My heart hurts for people who chose to pursue careers or possessions in place of beginning a family, and truly breaks for those who desire and pray for a child, but have not been blessed with one yet. I know that nothing I could ever earn or own would be superior to being a mother. Mother and Father may be common place titiles, but they are still distinguished.

That being said, Neverland is still tempting at times.

Now my biggest problem is that I keep noticing that Henry is growing up, and it is quite devastating. For example, last week Henry wasn't ready to go down at bedtime. I apparently tearfully told him that he could either go to sleep or stay awake listening to me cry while telling him about how he is growing up too fast. He chose sleep. Afterward Zac told me "This happens every time you don't feel well or get too tired...it's weird."

I'm going to take him with me when I move.  (And Zac, of course!)


Actually, on second thought, we'll just stay here. Life is more complicated, taxing, and stressful with our little bundle of joy, but I don't mind the difficulty. It is also happier, more exciting, and fuller. I think we will save Neverland for all who foolishly choose not to grow up. Being a grown up is awesome, but it has less to do with ice cream than I had originally thought.
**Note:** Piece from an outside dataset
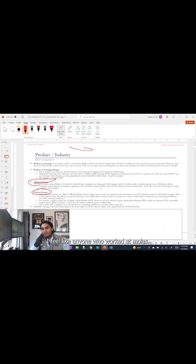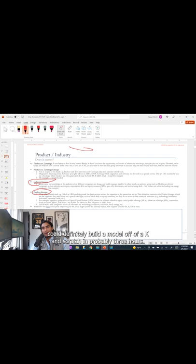Worked at Moelis, you just have automatic respect for them. Like okay yeah, this guy or girl 100% knows their shit, could definitely build a model off of a K from scratch in probably three hours. Knows about restructuring, M&A.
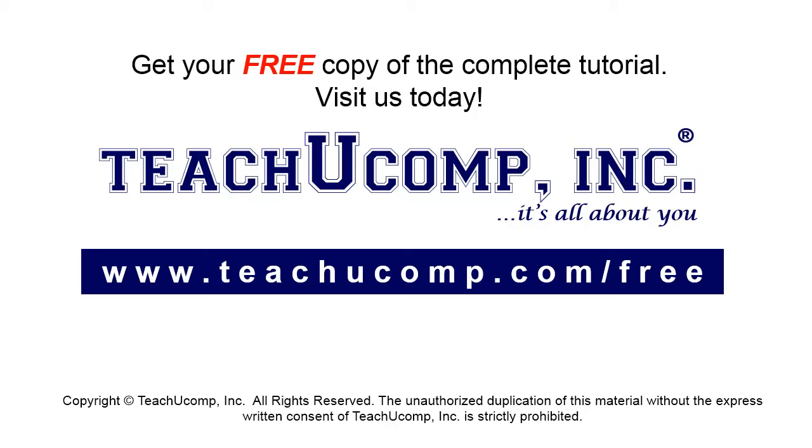Get your free copy of the complete tutorial at www.teachucomp.com/free.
Life as a grown up is actually amazing because embracing grown up responsibilities gives you the opportunity to become the absolute best version of yourself, and to make the best possible mark on the world. I guess I don't feel ripped off at all, I feel blessed and rewarded beyond measure. Though, I am still keenly interested in more sleep if anyone is in need of a kidney...





*Note: This post is not written as a judgement on anyone. I know how scary starting a family can be, and my intent is to share my experience in the hope that it might help others have confidence in their own intuitive decisions.